When I was a kid, I was a voracious reader.  I would have a book with me almost everywhere I went just waiting for the opportunity to crack it open and lose myself in the words once more.  I absorbed anything and everything I could whether it be fiction or nonfiction, children’s stories or young adult literature, academic or nonacademic, I read it all.

books
Sourced from faungg’s photos on Flickr

However, I could not understand why teachers expected me to start spending all of my free time reading books for class or, at the very least, read books that actually mattered.  To be fair, my teachers never said that what I was reading was useless, but the implication was nevertheless there.  They didn’t want me to hang out with Junie B. Jones or solve mysteries with the Boxcar Children when they felt my capabilities were more suited towards slogging through Dracula or The Brothers Karamazov.  I was only a kid, so I didn’t care about stuffy old books that had entirely too much text devoted to things I felt were irrelevant.  Who actually needed to know each minute detail about landscape or social hierarchy to understand the story being imparted?  Regardless, I powered through those books because that was what was expected of me.

expectations_medium
Sourced from Rachel on Flickr

 

As a result, I became disenchanted with reading.  I stopped cracking open any book I could get my hands on and it took me longer to get through the ones that I did pick up.  This issue was only compounded when teachers began to enforce the canon on me and my choices.  For those of you who don’t know, the canon is made up of the books that we have been told are “classics” and the “genius” authors that everyone should read because they represent a collection of the most important works ever written or something like that.  In reality, they are a collection of authors that are an extension of the power dynamic represented by those choosing the canon.  To clarify, basically it is a bunch of old, cisgender, heterosexual, white men telling everyone that other old, cisgender, heterosexual, white men are the greatest writers and have written the greatest works and those works should be placed on a pedestal and everyone should study them and never question them.
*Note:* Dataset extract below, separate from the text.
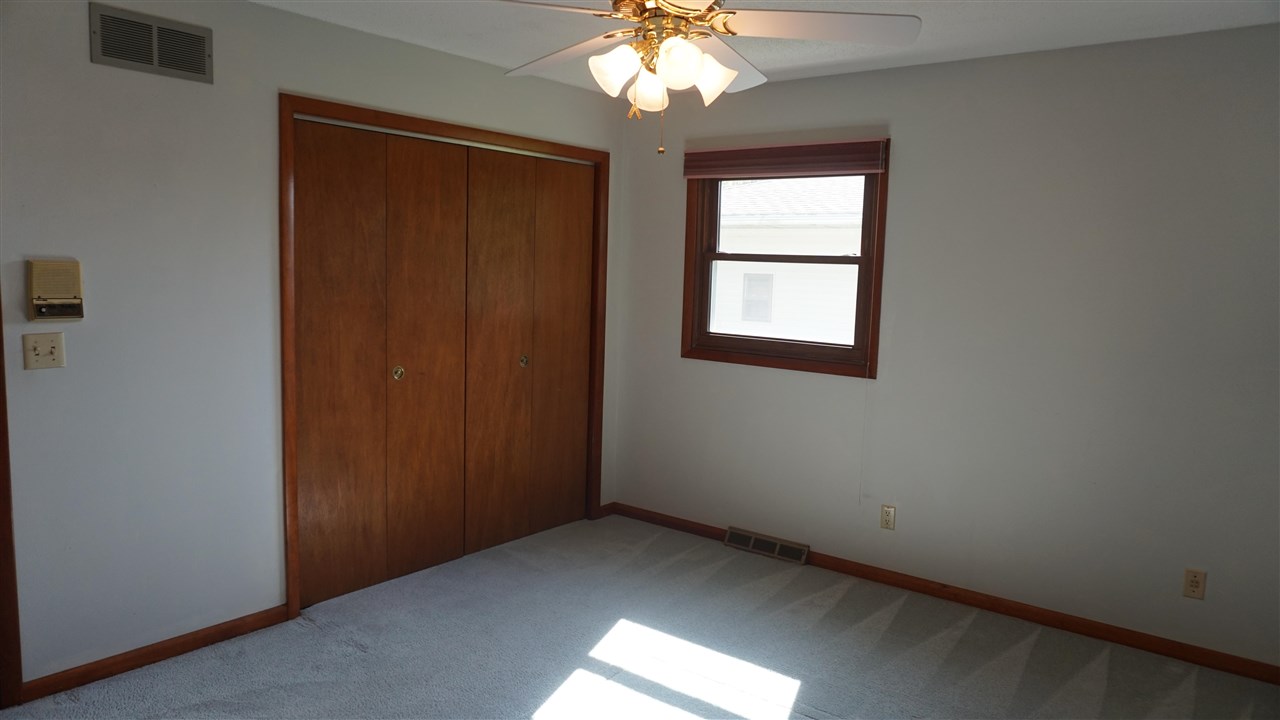 448 Brady Street Hills IA 52235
Anyway, as a teen I could never fully get behind that since I was a young, pansexual/demiromantic woman who had spent 67% of my life at that point living below the federal poverty line.  I couldn’t relate to the books I was reading beyond an abstract understanding of the historical social issues being represented, and this limited my passion for those aforementioned canonized books and authors to just bland aestheticism.

boredom

This spurred the literary extension of my teenage rebellion where I began to read more and more internet-based fiction, namely fanfiction, in order to step away from the literature that had been imposed on me for so many years.  This allowed me to enjoy different points of view and reworkings of book series, movies, and television shows that I had enjoyed as a child and as a teen.  My forays into these works also triggered more and more research into my identity and the world I lived in as I became more entrenched in different internet communities.

rebellion

 

Therefore, it was only natural that I got into slam poetry and how it was impacting the literary scene.  I saw people writing and performing pieces about gender, sexuality, poverty, womanhood, and other topics that I had been denied through the enforcement of the aforementioned canon.  Here, at last, were people I could relate to and understand.  As such, it can indeed be said that my adolescence represented a transformation in my personal and literary identities.

caterpillar

To sum up, there are five things that categorize my time as an adolescent reader.  Number one, people started telling me to read the books that mattered.  Number two, they then tried to enforce the canon upon me.  Number three, I could not relate to the canon or the books that “mattered”, so I lost my passion for reading.  Number four, my love of reading was partially rekindled through the discovery of fanfiction.  Number five, the flames were fanned even more through when I found out about slam poetry.